In another example of reasons why you should keep your friends close and your personal securities lawyer even closer in today’s wealth management environment, a former Morgan Stanley broker has filed a $30M lawsuit against the firm. Sighting wrongful termination, and unjust enrichment, the advisor may just have a case.
“The termination cost (Kerry) Moy his 34-year career as a wirehouse broker and more than $100 million of assets from customers reluctant to follow him to Western International Securities, where he is now registered as an independent investment adviser, according to Robert Girard, a plaintiffs’ lawyer who is representing him.”
“Moy’s restaurant career was widely publicized in several national and local articles and was likely known by Morgan Stanley when they recruited him in 2012 from Merrill Lynch, where he had worked since the start of his brokerage career in 1984, according to Girard. The firm also had earlier approved the outside business activities that he had disclosed, he said.”
What an interesting twist of events. Morgan Stanley woos and recruits a well-known advisor who happens to have a highly publicized basket of restaurants that have contributed to the growth of his book of business, and by and large, the local reputation of the firm he works for. Morgan Stanley is keenly aware of the ‘outside activities’ that Mr. Moy is involved in and has known about them for years.
And then he is abruptly fired.

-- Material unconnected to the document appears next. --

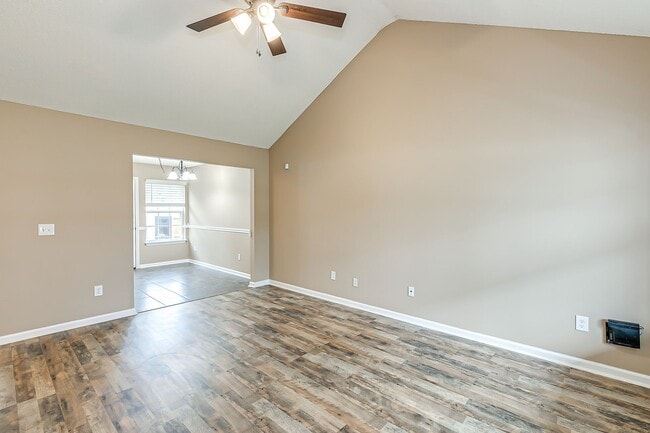 Photo - 524 Cedar Park Cir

His FINRA record and the language connected to his dismissal is a mystery given that the firm was surely aware of Mr. Moy’s restaurant activities. He has no previous events on his BrokerCheck record, other than a lawsuit stemming from a limited partnership Mr. Moy was involved in. Several months later, his wealth management career is over.
The take away here is simple. As a financial advisor, should you find yourself a party to a lawsuit, tax lien, customer complaint, or any manner of ‘inquiry’ – in the current compliance and legal environment in the industry – you are highly likely to be fired. If you aren’t taking several extra steps to protect yourself in the event you are falsely accused, you are obfuscating your duty to be a fiduciary of your own career.
Or better yet, get out of the wirehouse space altogether and open up your own shop. Food for thought.